● Work item:
The required answer is an exact copy of every line from the beginning of the entries through the line with "For Amazfit GTR", with all pictures omitted.

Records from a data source
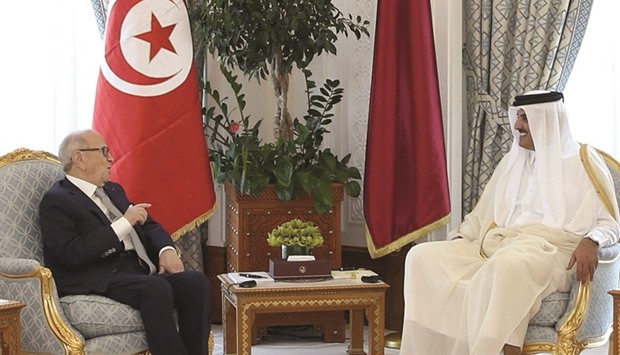 The Emir and the Tunisian president holding talks.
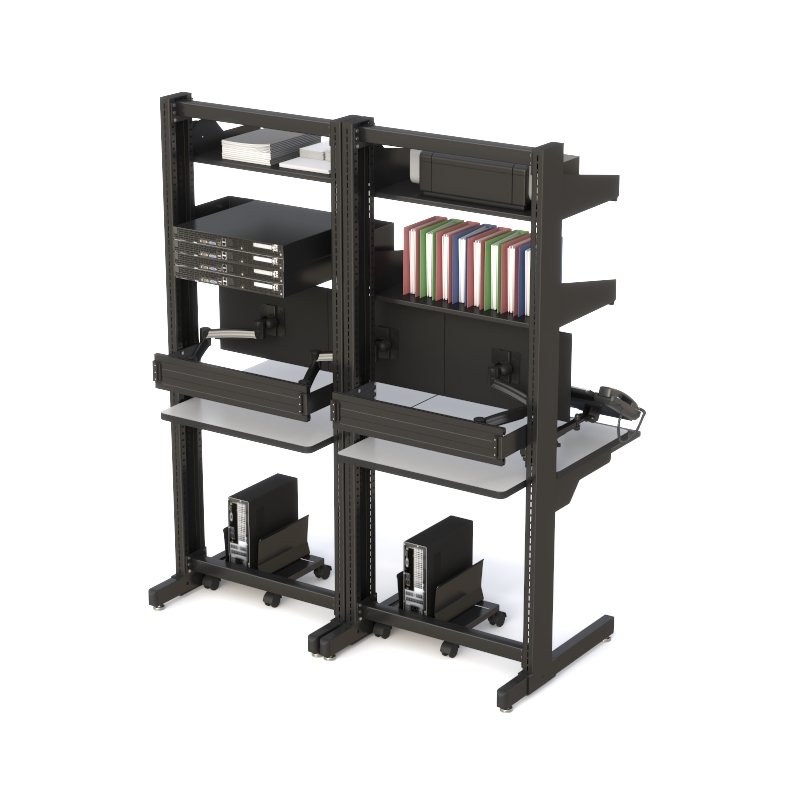Dual User LAN Computer Rack for Multi-Device Control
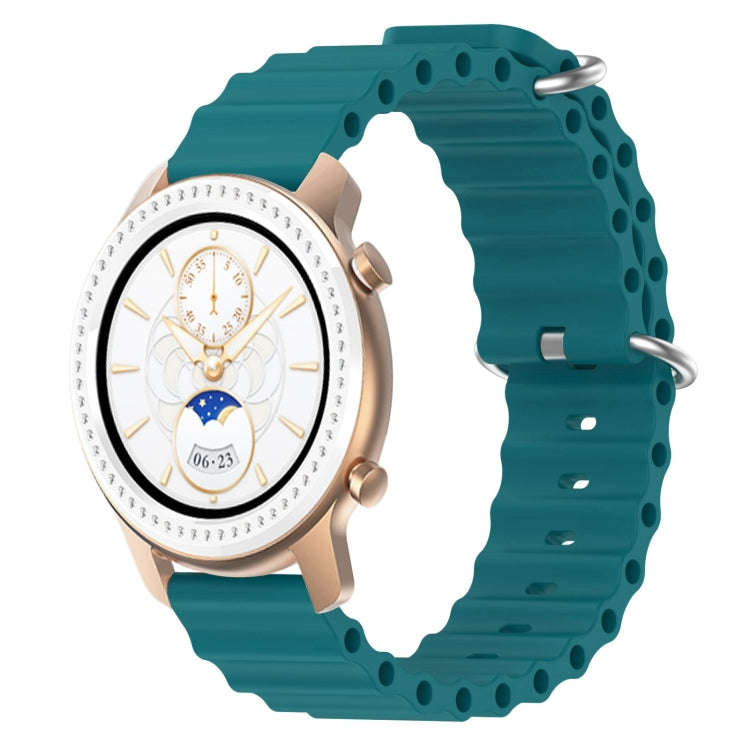 For Amazfit GTR 42mm 20mm Ocean Style Silicone Solid Color Watch Band(Green)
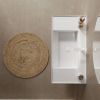 LEDE 36" Bathroom Vanity with Vessel Sink, Wall-Mounted Floating White Rectangular Acrylic Integrated Basin without Faucet, Striped Shelves Layer
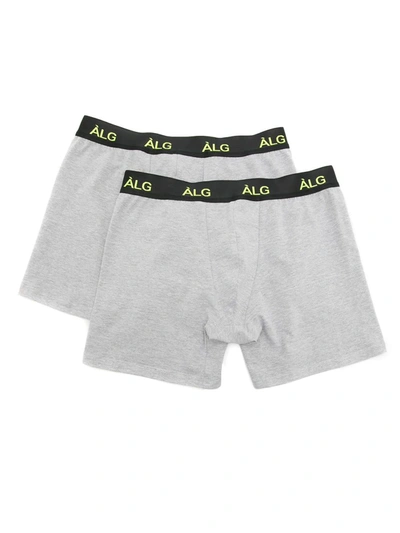 Àlg Logo-waistband Two-pack Trunks In Grey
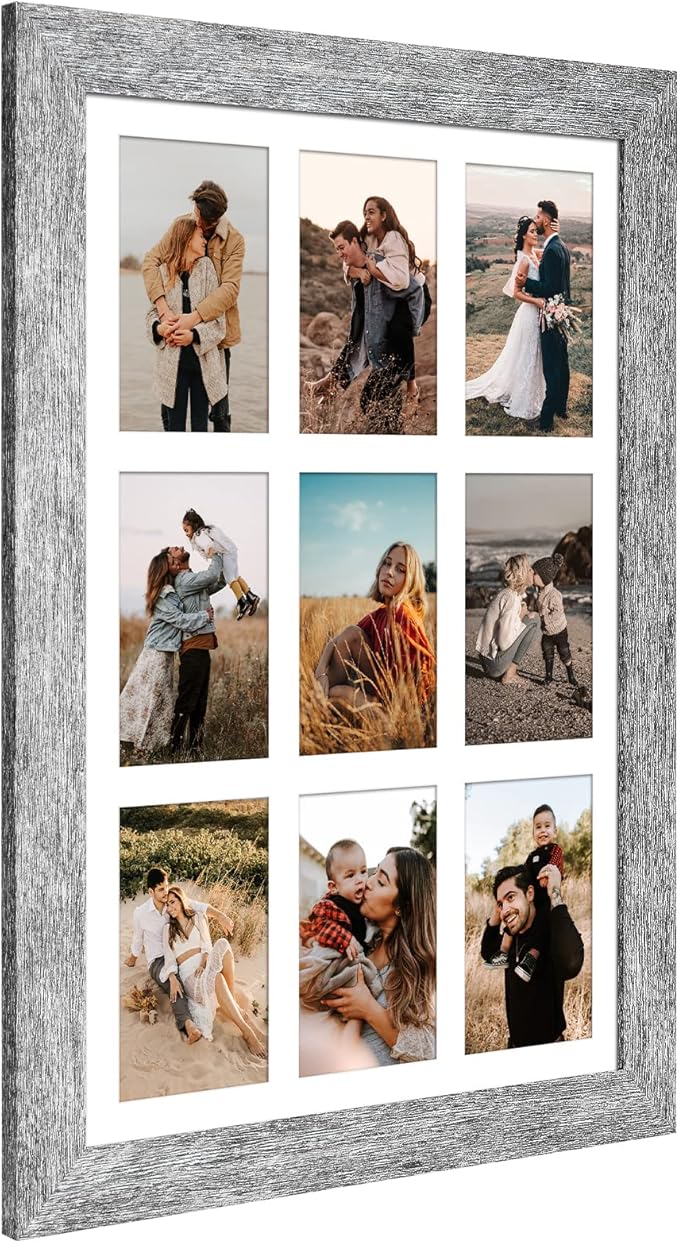 13.5x19.5 Picture Frame Display 9 opening 4X6 Picture Frame Collage,Multi Photo Frame with Mat,Plexiglass,Wall or Tabletop Decor,Grey Wood Grain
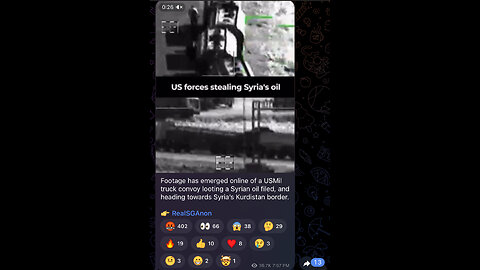 Footage has emerged online of a USMil truck convoy looting a Syrian oil filed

● Task solution:
 The Emir and the Tunisian president holding talks.
Dual User LAN Computer Rack for Multi-Device Control
 For Amazfit GTR 42mm 20mm Ocean Style Silicone Solid Color Watch Band(Green)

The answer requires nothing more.